James Olson, ex-chefe de contraespionagem da CIA, elogiou os esforços das redes sociais e concordou que hoje é, "provavelmente, o melhor período de recrutamento de russos que já tiveram".

"Há muitos russos descontentes", disse, "envergonhados e revoltados com o que [Putin] está a fazer aos seus irmãos e irmãs eslavos na Ucrânia". "Ele está a destruir a Rússia. Está a matar rapazes russos.

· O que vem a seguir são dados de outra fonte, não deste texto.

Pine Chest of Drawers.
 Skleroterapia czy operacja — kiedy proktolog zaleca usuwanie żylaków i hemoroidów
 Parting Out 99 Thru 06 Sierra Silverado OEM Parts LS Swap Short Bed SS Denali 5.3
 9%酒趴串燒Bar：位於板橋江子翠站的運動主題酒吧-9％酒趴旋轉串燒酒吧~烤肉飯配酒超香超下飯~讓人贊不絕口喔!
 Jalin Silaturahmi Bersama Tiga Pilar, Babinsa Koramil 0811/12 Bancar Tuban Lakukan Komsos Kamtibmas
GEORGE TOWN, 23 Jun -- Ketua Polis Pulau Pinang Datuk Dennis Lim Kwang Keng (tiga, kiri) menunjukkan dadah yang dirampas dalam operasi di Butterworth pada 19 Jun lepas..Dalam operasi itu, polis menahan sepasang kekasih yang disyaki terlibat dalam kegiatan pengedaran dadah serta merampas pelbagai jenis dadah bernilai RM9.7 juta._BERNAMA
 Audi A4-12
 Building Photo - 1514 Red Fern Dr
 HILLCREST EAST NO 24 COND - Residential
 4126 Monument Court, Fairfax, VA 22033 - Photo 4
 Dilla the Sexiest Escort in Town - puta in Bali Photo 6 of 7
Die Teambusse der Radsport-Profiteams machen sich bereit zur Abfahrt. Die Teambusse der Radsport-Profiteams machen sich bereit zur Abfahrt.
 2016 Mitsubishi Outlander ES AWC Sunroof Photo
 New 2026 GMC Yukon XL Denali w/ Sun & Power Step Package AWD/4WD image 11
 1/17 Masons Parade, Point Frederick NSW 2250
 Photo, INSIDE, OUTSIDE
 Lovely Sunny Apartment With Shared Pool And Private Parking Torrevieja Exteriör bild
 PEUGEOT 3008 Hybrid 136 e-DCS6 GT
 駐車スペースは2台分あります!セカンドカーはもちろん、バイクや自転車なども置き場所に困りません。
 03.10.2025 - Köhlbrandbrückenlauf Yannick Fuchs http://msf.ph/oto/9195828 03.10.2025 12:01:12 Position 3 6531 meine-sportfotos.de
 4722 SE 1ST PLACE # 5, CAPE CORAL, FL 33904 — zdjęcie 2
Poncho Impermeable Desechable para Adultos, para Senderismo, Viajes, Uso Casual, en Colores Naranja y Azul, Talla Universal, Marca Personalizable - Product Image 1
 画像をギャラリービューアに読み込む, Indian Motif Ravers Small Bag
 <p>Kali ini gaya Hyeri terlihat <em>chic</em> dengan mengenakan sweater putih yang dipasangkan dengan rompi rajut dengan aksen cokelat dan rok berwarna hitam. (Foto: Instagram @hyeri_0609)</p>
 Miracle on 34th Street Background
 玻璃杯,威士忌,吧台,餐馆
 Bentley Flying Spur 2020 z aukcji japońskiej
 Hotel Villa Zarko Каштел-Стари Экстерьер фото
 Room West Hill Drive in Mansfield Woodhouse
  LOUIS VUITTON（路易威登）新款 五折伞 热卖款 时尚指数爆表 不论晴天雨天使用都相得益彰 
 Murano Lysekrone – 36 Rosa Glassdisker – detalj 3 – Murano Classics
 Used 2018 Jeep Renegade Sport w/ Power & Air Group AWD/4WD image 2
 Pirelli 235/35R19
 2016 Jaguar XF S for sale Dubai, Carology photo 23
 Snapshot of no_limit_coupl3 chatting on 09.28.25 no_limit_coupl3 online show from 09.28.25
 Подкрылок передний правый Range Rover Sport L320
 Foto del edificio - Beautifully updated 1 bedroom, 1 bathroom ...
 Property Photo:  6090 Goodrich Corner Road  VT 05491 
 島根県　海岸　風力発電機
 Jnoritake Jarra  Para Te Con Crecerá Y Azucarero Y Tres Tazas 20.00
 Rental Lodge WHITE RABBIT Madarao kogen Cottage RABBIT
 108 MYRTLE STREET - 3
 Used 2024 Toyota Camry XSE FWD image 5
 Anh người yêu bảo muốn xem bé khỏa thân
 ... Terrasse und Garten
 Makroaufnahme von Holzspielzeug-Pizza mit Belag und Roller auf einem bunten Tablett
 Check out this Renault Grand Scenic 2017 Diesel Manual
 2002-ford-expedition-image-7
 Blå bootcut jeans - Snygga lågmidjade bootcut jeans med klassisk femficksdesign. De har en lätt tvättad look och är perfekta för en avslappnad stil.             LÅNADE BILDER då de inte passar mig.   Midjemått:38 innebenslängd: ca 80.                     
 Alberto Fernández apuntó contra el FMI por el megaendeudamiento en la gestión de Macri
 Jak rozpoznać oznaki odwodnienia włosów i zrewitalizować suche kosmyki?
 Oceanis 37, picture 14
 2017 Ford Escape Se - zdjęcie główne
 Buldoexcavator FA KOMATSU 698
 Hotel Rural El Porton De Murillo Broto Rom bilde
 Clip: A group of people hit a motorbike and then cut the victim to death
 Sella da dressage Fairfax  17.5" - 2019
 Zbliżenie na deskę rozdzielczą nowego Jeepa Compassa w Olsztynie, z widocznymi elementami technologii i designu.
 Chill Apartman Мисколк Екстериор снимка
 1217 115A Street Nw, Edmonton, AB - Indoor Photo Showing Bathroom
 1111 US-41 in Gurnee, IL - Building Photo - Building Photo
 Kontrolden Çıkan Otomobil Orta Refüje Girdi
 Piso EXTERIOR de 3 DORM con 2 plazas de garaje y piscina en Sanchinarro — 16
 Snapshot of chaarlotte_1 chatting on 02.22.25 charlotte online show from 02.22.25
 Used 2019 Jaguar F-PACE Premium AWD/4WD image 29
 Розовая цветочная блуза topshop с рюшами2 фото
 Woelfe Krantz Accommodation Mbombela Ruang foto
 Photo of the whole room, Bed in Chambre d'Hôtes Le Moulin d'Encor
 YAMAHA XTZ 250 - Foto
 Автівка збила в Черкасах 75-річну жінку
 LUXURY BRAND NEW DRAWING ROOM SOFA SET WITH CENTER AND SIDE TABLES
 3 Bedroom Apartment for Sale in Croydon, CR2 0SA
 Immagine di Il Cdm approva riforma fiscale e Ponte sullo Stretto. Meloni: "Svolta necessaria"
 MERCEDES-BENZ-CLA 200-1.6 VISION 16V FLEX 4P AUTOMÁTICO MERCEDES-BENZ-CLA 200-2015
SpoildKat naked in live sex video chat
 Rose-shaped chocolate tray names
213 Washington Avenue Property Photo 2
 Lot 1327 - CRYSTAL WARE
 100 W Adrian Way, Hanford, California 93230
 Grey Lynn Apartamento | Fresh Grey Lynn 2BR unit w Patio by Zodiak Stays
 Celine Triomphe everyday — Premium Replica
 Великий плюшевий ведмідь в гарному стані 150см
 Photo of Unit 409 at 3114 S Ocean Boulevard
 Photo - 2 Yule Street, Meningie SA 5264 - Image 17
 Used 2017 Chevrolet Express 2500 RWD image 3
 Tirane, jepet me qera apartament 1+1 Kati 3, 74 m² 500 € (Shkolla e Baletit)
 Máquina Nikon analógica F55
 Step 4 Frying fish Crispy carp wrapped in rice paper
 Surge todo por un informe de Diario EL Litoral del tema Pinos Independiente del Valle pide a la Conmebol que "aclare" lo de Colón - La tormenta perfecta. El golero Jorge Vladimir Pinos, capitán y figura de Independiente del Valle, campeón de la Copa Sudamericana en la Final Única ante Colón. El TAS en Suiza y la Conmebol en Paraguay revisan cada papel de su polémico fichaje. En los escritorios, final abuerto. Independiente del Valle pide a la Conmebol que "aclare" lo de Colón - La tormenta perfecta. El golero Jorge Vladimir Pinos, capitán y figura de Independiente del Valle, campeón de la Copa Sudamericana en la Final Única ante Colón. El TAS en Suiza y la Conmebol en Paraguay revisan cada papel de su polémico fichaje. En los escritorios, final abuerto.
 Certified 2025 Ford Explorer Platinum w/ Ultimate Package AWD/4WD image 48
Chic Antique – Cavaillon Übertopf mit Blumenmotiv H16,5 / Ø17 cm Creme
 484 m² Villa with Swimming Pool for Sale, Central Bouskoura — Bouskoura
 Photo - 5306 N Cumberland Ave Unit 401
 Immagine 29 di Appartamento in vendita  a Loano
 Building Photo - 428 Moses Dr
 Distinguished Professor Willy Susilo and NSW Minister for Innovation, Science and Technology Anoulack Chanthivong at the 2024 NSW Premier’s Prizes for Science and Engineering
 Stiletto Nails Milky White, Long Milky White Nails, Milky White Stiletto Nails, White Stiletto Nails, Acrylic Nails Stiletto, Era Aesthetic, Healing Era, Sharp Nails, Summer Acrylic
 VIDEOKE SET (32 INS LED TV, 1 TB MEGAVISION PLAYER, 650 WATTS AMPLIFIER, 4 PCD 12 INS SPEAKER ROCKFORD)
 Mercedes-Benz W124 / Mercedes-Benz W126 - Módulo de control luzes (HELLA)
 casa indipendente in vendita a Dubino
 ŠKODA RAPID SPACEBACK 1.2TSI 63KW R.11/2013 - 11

E há boas pessoas na Rússia, incluindo agentes dos serviços secretos, que querem contra-atacar."

Enquanto a CIA procura russos no estrangeiro, o FBI lançou um projeto semelhante destinado aos russos nos Estados Unidos, incluindo a identificação específica dos telemóveis de quem entra e sai da embaixada em Washington. Isto também já estava a acontecer antes da guerra na Ucrânia, como noticiou a CNN.

O anúncio do FBI usava uma citação de Putin e dizia em russo: "Estamos prontos para ouvir".

A embaixada respondeu com um tweet dizendo que "as tentativas de semear a confusão e organizar a deserção entre o pessoal da [embaixada] são ridículas".

"Vamos espalhar a rede o mais amplamente possível, vamos levá-la a toda a gente", acrescentou Olson. "Podemos oferecer-lhes proteção. Podemos oferecer-lhes segurança. Podemos oferecer-lhes total anonimato. E podemos oferecer-lhes um valor que corresponda à informação que estão a fornecer."